So, the ’25 apps guide’ was a great way to get you started and, while it is most definitely a personal selection on my part (and your needs and choices may differ), you can think of it as a ‘best of the best’ list. What this means, of course, is that there are also a lot of very good music apps that did not make it into the guide….

guitar from computer

For the computer-based musician, virtual instruments are now an everyday tool for music creation.

OK, what about the rest of those apps? Well, if I was to do single post covering the ‘best of the rest’ then it would be loooonnnngggg (I know, I’ve never been shy of long posts but even I draw a limit somewhere). Instead, what I thought I’d do is split that potentially ‘mega-long’ post into a series of shorter app roundups….   and, in each post, taking a different category of app.

I’ve actually done a couple of these in the past looking at iOS DAW apps and guitar amp sim apps.

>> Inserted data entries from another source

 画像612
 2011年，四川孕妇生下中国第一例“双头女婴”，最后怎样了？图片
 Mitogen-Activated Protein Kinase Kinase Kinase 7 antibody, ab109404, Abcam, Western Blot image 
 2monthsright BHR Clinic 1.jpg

However, as the title above suggests, this particular post with cover the category of ‘virtual instrument apps’. Other posts in the series will deal with effects apps, synth apps, MIDI performance apps, drum and groove box apps and ‘all-in-one’ electronic music production apps.

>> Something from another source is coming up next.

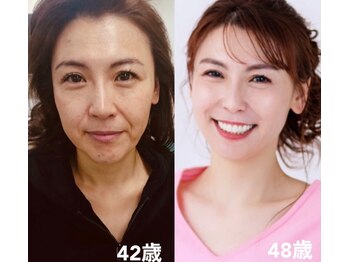 ランスソア(L'ins soi)/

In each case I’ll try to wiz through my own selection of the main contenders in each category and give a flavour of what each has to offer. I can’t promise the lists will be exhaustive but, if you are looking to flesh out your own music app collection, it should give you a few useful pointers to get you started.

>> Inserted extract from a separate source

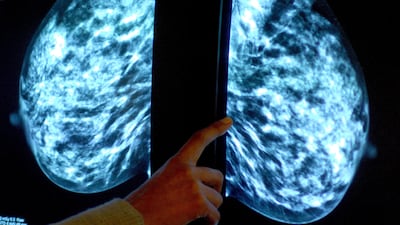 The Cancer Survival Calculator could be a valuable tool to help patients and their doctors make informed decisions about treatment. PA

Virtual instruments as apps

If you have been around computer-based music (iOS or otherwise) for any length of time then you will be familiar with the idea of a ‘virtual’ instrument. However, if you are new to music technology and iOS represents your first exploration into music creation using a computing device, then a little background might be useful.

In essence, a ‘virtual’ instrument refers to the recreation of a ‘real’ instrument (a guitar, a drum kit, a piano, a violin, etc.) in software. This can actually take a number of forms, two of which are most common. First (and perhaps less common for most of the instruments just listed), software can actually model the fundamental physics that underlies the way the instrument creates sound. So, for example, this would involve modelling the way a string vibrates on an acoustic guitar and how that vibration triggers resonance in the guitar’s body. This is a hugely complex process and, even if you can construct a suitably realistic model, the odds are that it would take a pretty hefty computer system to run it. Incidentally, the one common exception to this is ‘modelled’ versions of hardware synths and I’ll deal with this situation in a separate ‘iOS synths roundup’ article.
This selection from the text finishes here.